AIM OF THE EXERCISE – In the copy, keep every word of the data below and none of its pictures.

(Image-caption web data)
________
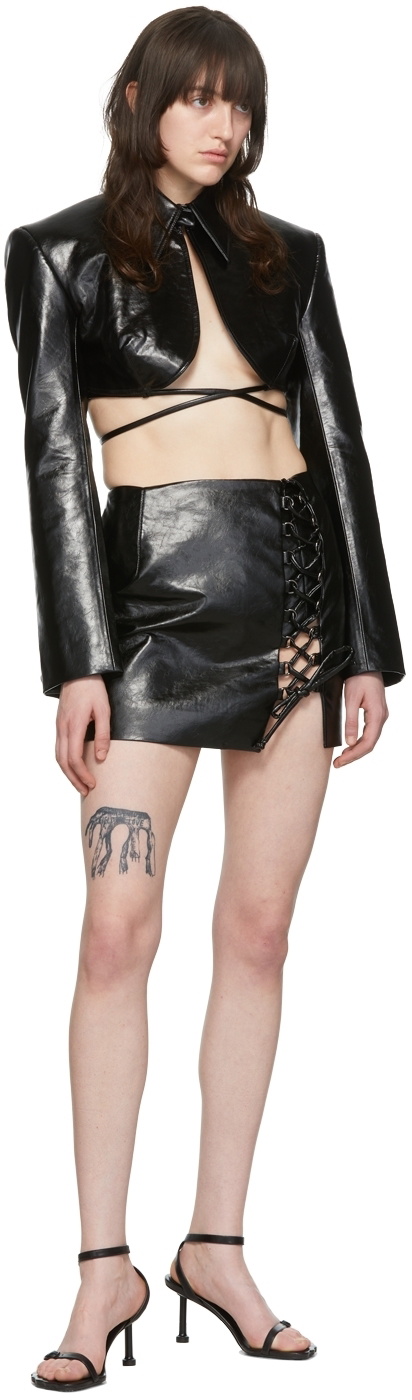Aleksandre Akhalkatsishvili Black Faux-Leather Jacket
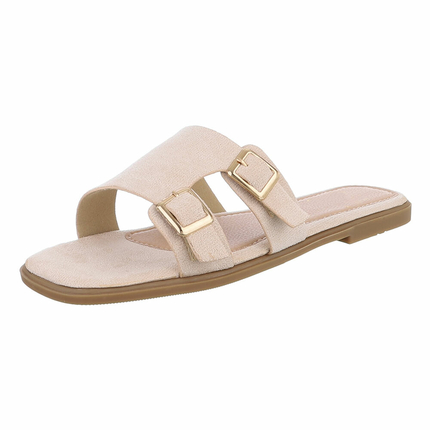 Damen Flache Sandalen - beige Gr. 39
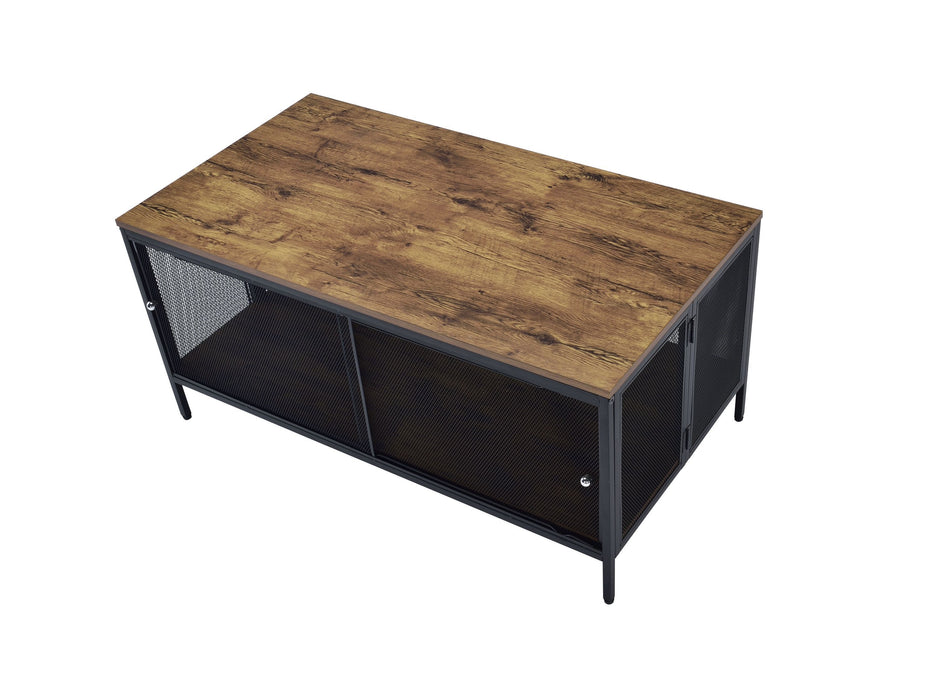 ACME Winam Coffee Table, Antique Oak & Black 82780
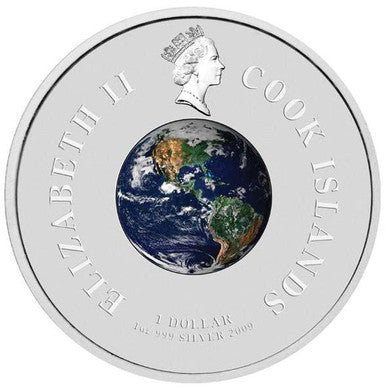 Cook Islands 2009 $1 Orbit and Beyond Leonov First Space Walk 1oz Silver Coloured Proof Coin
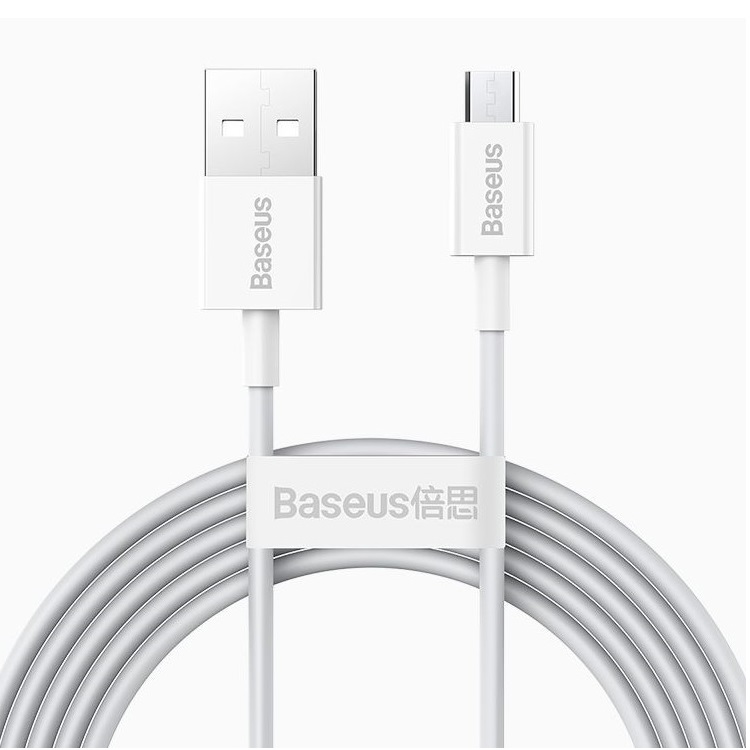 Кабель USB <--> microUSB  2.0м BASEUS Superior Series белый (CAMYS-A02)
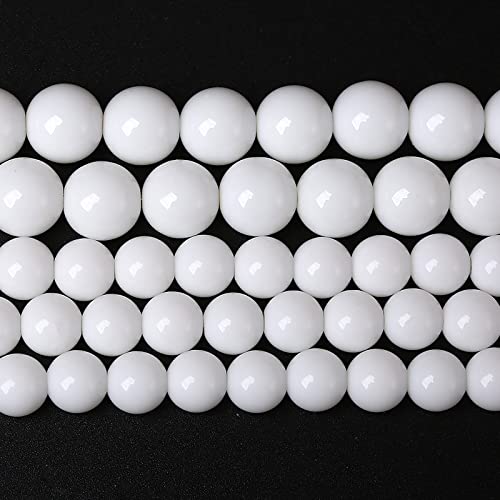 8 mm 45 Stück weiße Porzellan-Achat-Abstandshalter für Schmuckherstellung, DIY, Armband, Halskette, 38,1 cm von lohfxrgyjk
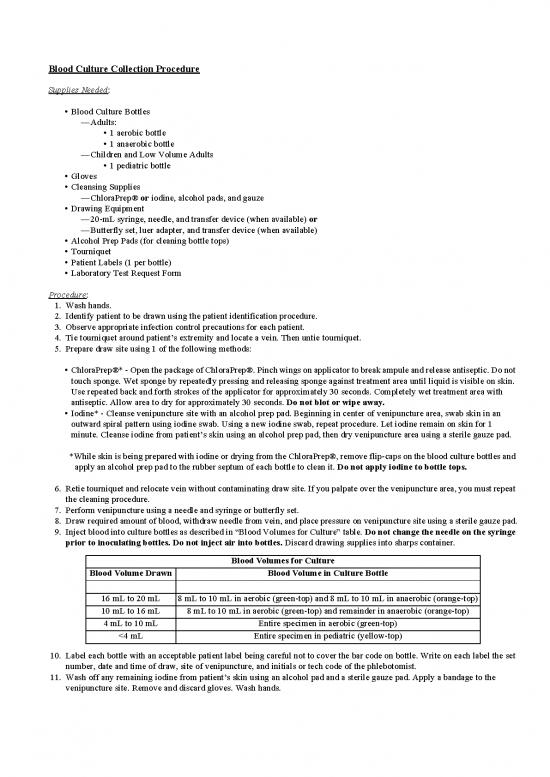 picture Blood Culture Procedure Pdf 87497 | 226dbb2 Blood Culture Collection Procedure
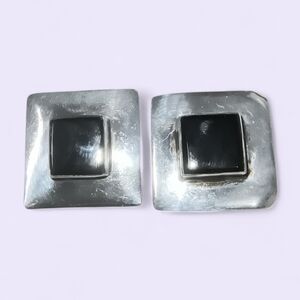 Black Onyx And Sterling Silver Geometric Earrings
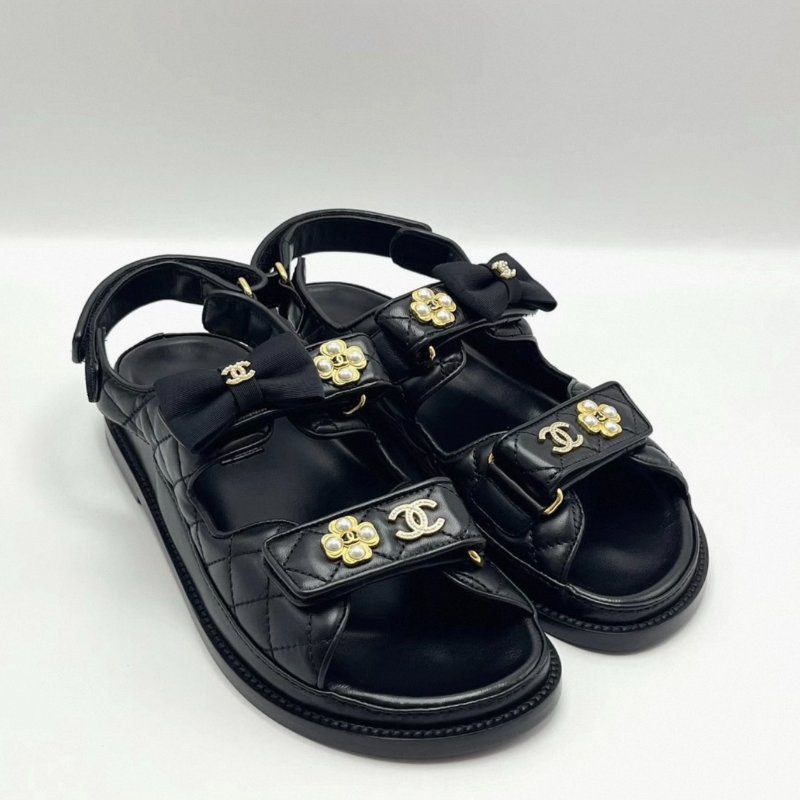 CHANEL 蝴蝶結魔術貼涼鞋 38號 全新閒置配件盒子塵袋-2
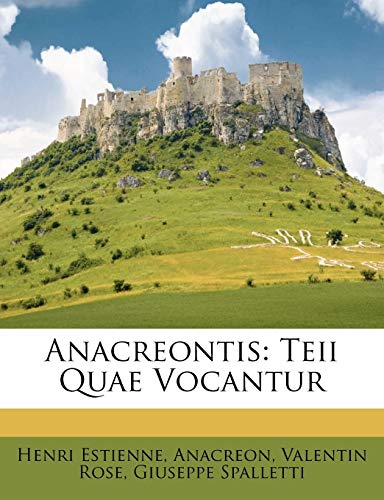 Anacreontis: Teii Quae Vocantur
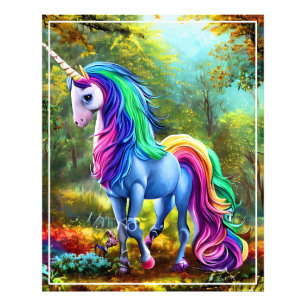 Colorful Unicorn Horse in The Forest-46567 Fototryck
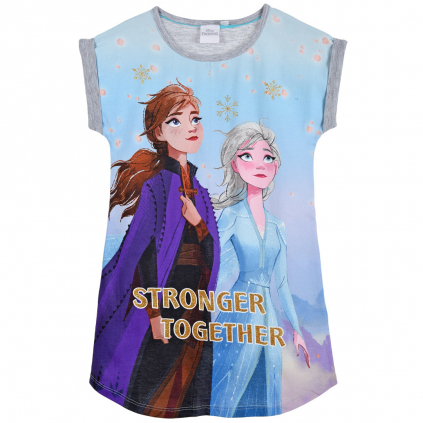 Dievčenská nočná košeľa DISNEY FROZEN STRONGER šedá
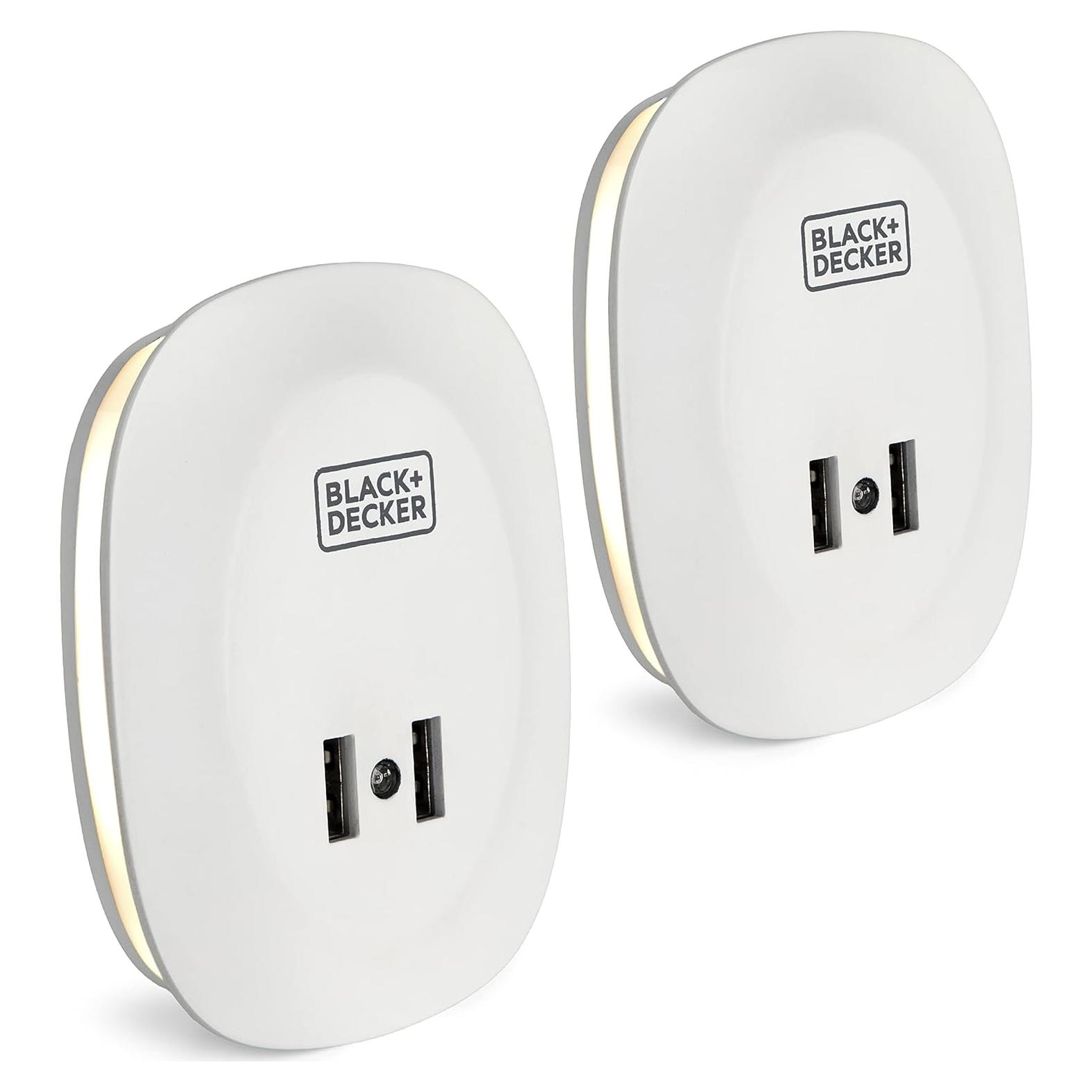 Luz Nocturna Enchufable Black+Decker con 2 USB y Sensor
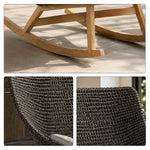 SOLARA Outdoor Rocking Chair with PE Rattan Seat Teak Wood Base Single Lounge Chair for Patio Garden Balcony Relaxing Space - Black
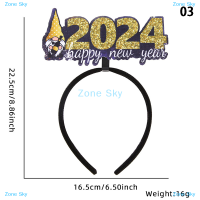 Zone Sky ที่คาดผมคริสต์มาสปีใหม่ที่คาดผมที่2024อย่างมีความสุขอุปกรณ์ตกแต่งปีใหม่สำหรับบ้านเด็กผู้หญิงเด็กของขวัญปาร์ตี้ปีใหม่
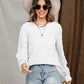 Openwork Round Neck Raglan Sleeve Sweater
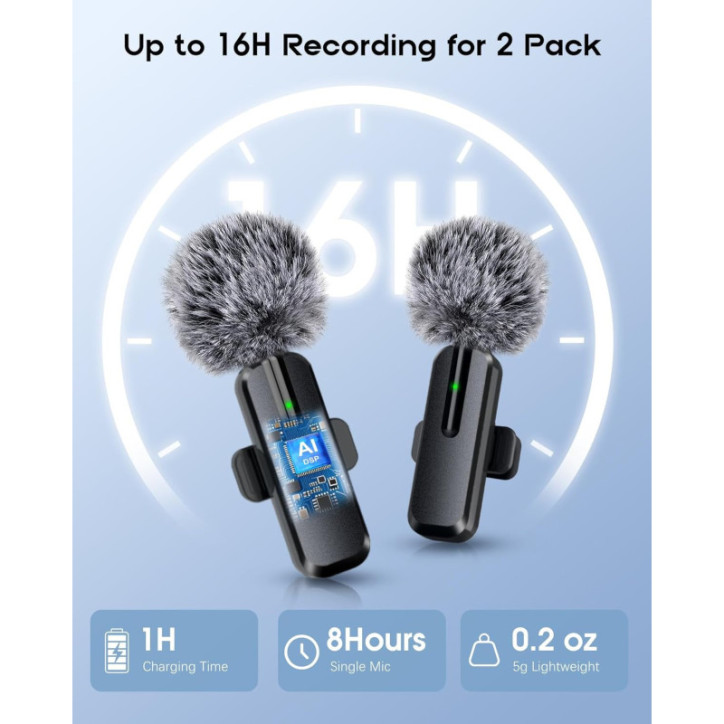 Microphone sans fil mini lavalier Bluetooth 2 en 1 pour iPhone, iPad, Android - 2 pièces, réduction de bruit Microphone sans fil mini lavalier Bluetooth 2 en 1 pour iPhone, iPad, Android - 2 pièces, réduction de bruit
________
RESPONSE AREA –
Aleksandre Akhalkatsishvili Black Faux-Leather Jacket
 Damen Flache Sandalen - beige Gr. 39
 ACME Winam Coffee Table, Antique Oak & Black 82780
 Cook Islands 2009 $1 Orbit and Beyond Leonov First Space Walk 1oz Silver Coloured Proof Coin
 Кабель USB <--> microUSB  2.0м BASEUS Superior Series белый (CAMYS-A02)
 8 mm 45 Stück weiße Porzellan-Achat-Abstandshalter für Schmuckherstellung, DIY, Armband, Halskette, 38,1 cm von lohfxrgyjk
 picture Blood Culture Procedure Pdf 87497 | 226dbb2 Blood Culture Collection Procedure
 Black Onyx And Sterling Silver Geometric Earrings
 CHANEL 蝴蝶結魔術貼涼鞋 38號 全新閒置配件盒子塵袋-2
 Anacreontis: Teii Quae Vocantur
 Colorful Unicorn Horse in The Forest-46567 Fototryck
 Dievčenská nočná košeľa DISNEY FROZEN STRONGER šedá
 Luz Nocturna Enchufable Black+Decker con 2 USB y Sensor
 SOLARA Outdoor Rocking Chair with PE Rattan Seat Teak Wood Base Single Lounge Chair for Patio Garden Balcony Relaxing Space - Black
 Zone Sky ที่คาดผมคริสต์มาสปีใหม่ที่คาดผมที่2024อย่างมีความสุขอุปกรณ์ตกแต่งปีใหม่สำหรับบ้านเด็กผู้หญิงเด็กของขวัญปาร์ตี้ปีใหม่
 Openwork Round Neck Raglan Sleeve Sweater
 Microphone sans fil mini lavalier Bluetooth 2 en 1 pour iPhone, iPad, Android - 2 pièces, réduction de bruit Microphone sans fil mini lavalier Bluetooth 2 en 1 pour iPhone, iPad, Android - 2 pièces, réduction de bruit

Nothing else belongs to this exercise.